The fact that supercells occur where warm, moist air meets cold, dry air suggests the source of energy for both t-storm and tornado: latent heat in the warm, moist air. Latent heat is heat you can't detect with a thermometer. An air-conditioner struggles to remove humidity from Houston's soggy July air because the air holds so much latent heat.

A tornadic thunderstorm can form where moist, warm air gets trapped beneath warm, dry air under a stable layer of cold, dry air. This air sandwich is called an inversion.

If the cap is disturbed by a front or movement in the upper atmosphere, the warm, moist air can punch through the stable air above it. The condensing of water vapor releases latent heat, and the warm air starts to spiral upward. Aided by different winds at different levels of the atmosphere, the rotating updraft gains velocity.

The Nuts and Bolts of a Whirlwind
Graphic shows how winds create funnel clouds.

1. A large, layered sandwich develops in the atmosphere. Hot, humid air is trapped beneath cold, dry air.
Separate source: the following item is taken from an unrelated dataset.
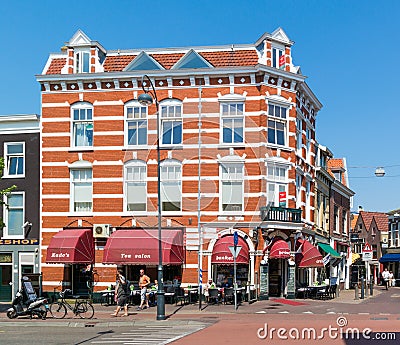 Street in city centre Haarlem, Netherlands Editorial Stock Photo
2. The "cap" (a layer of stable air between the hot and cold air) is disturbed by winds in the upper atmosphere or by the arrival of a weather front.

3. Lower-level air rises and expands in the reduced air pressure aloft.

4. As the air cools, moisture condenses, releasing latent heat which warms the air, making it buoyant, and causing it to rise at speeds up to 150 mph. By now, the cloud is a thunderstorm. Upper-level winds tilt the thunderhead, creating the anvil shape.

5. The thunderstorm may die out in intense rain and/or hail. Or it may spawn a tornado.

6. Interactions between air at various altitudes, humidities and temperatures cause rain, lightning, air circulation and strengthening of the rotating updraft, now called a "mesocyclone." Low-level wind helps cause this rotation, which is almost always counter-clockwise (seen from above) in the Northern Hemisphere.

7. A tornado may form below the mesocyclone. As the spinning air column narrows, it rotates faster and extends higher into the storm.

Graphics show how rotating west and south winds create a circulating tunnel of air. Wind shear -- where the wind changes direction with height -- precedes many tornadoes. If a south wind is near the ground (orange arrows) and a west wind blows above it (blue arrow), wind shear may cause a column of air to rotate near the ground (pink arrows). Eventually, physical forces move the vortex into a vertical position, and you have a tornado. From original graphics by NOAA.

That, much simplified, is one theory of the origin of tornadoes. Scientists do not fully understand the first stage of formation, however. Some suspect that wind shear -- differences in wind speed at different altitudes - may start the vortex. Just as, when you roll a wad of clay in your hands, it eventually becomes a rotating column of clay, when the different bodies of air move against each other, they create wind shear and then a tornado.